DIRECTIONS FOR THIS TASK
In the entries below, find the line with "Journal of Medical" and the line with "Miniature Playscale Orange". Repeat exactly everything between them, those two lines included, but not the pictures.

AVAILABLE RECORDS

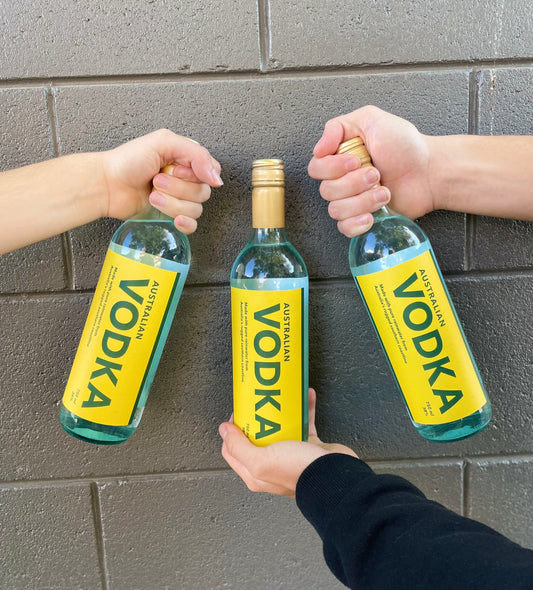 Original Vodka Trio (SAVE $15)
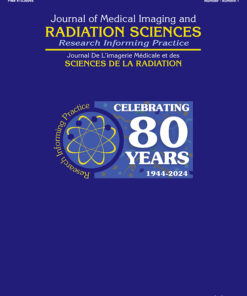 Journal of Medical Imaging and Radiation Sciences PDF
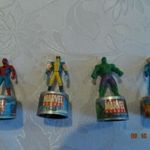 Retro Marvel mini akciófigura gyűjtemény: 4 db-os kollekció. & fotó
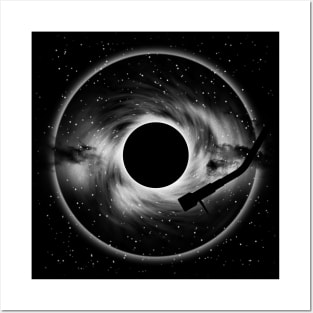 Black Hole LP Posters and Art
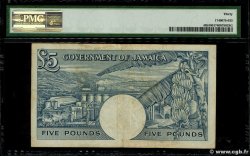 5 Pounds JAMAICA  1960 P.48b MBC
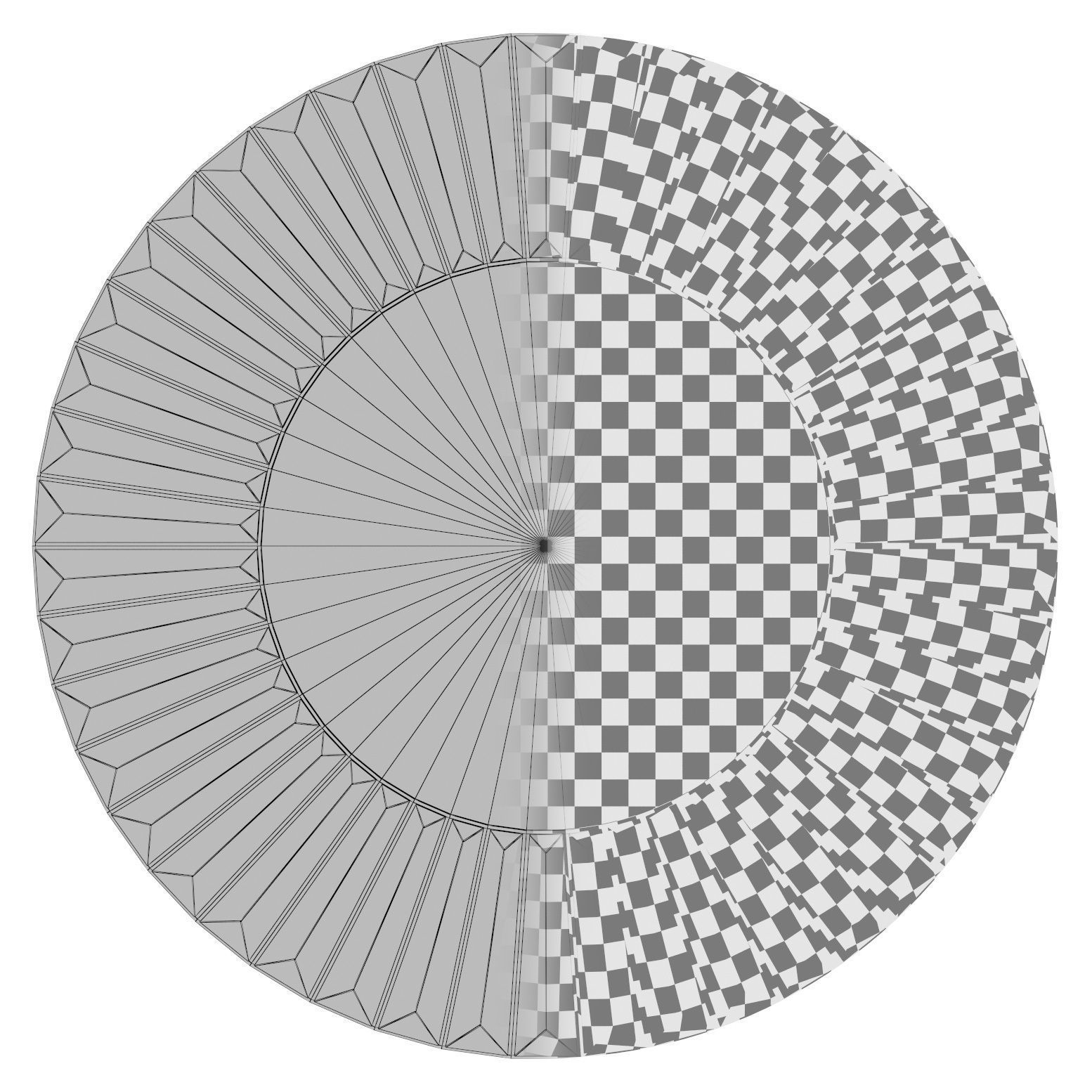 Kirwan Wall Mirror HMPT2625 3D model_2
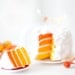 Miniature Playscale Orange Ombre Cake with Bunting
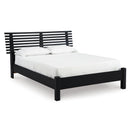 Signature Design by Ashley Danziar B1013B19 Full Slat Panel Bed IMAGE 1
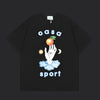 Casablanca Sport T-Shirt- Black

SOLUTION BELOW
 Journal of Medical Imaging and Radiation Sciences PDF
 Retro Marvel mini akciófigura gyűjtemény: 4 db-os kollekció. & fotó
 Black Hole LP Posters and Art
 5 Pounds JAMAICA  1960 P.48b MBC
 Kirwan Wall Mirror HMPT2625 3D model_2
 Miniature Playscale Orange Ombre Cake with Bunting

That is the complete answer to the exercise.